According to the Fourth Circuit, a material contract term is one where a contractor’s compliance or noncompliance with the term has “a natural tendency to influence, or [is] capable of influencing, the Government’s decision to pay.” The contract itself does not have to expressly state that a provision is material or that payment is conditioned upon compliance with the provision for the contract term to be “material.”

The Badr case involved a contract to provide security guards at an airbase in Iraq. The contractor allegedly hired guards who did not meet a marksmanship requirement contained in the contract, and allegedly created false shooting scorecards to disguise the deficiency. The Fourth Circuit held that the marksmanship requirement was material because, in the court’s words, “common sense strongly suggests that the Government’s decision to pay a contractor for providing base security in an active combat zone would be influenced by knowledge that the guards could not, for lack of a better term, shoot straight.” The court also noted that the contractor’s alleged efforts to cover up the deficiency also suggested materiality.

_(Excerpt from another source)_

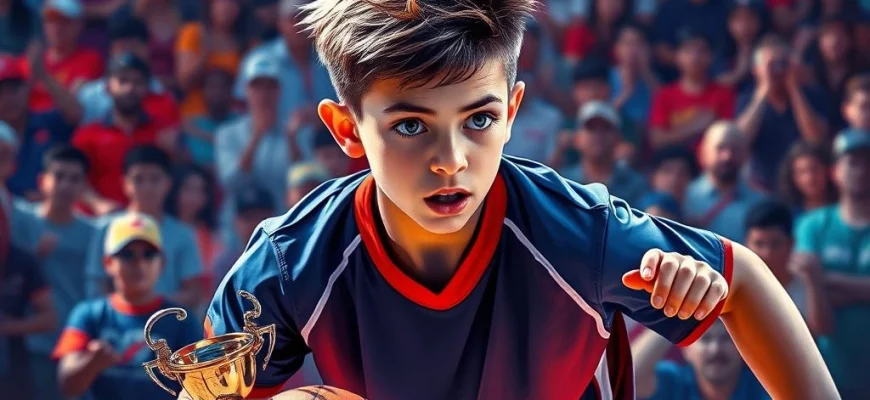 Must-Watch Sports Documentaries Like Trophy Kids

The contractor in Badr argued that the Government failed to properly allege that the falsified scorecards were material because there was no allegation that the government official in charge of payment actually reviewed the scorecards. The Fourth Circuit rejected this argument, stating “the FCA reaches government contractors who employ false records that are capable of influencing a decision, not simply those who create records that actually do influence the decision.”

The Fourth Circuit’s holdings in Badr do not present new theories of FCA liability. Instead, the Fourth Circuit is following trends set by other federal courts across the country. Contractors on federally-funded projects must train employees to spot deficiencies in contract performance and report them to appropriate personnel within the company so that a decision can be made as to how to address those deficiencies before the contractor submits its next payment application.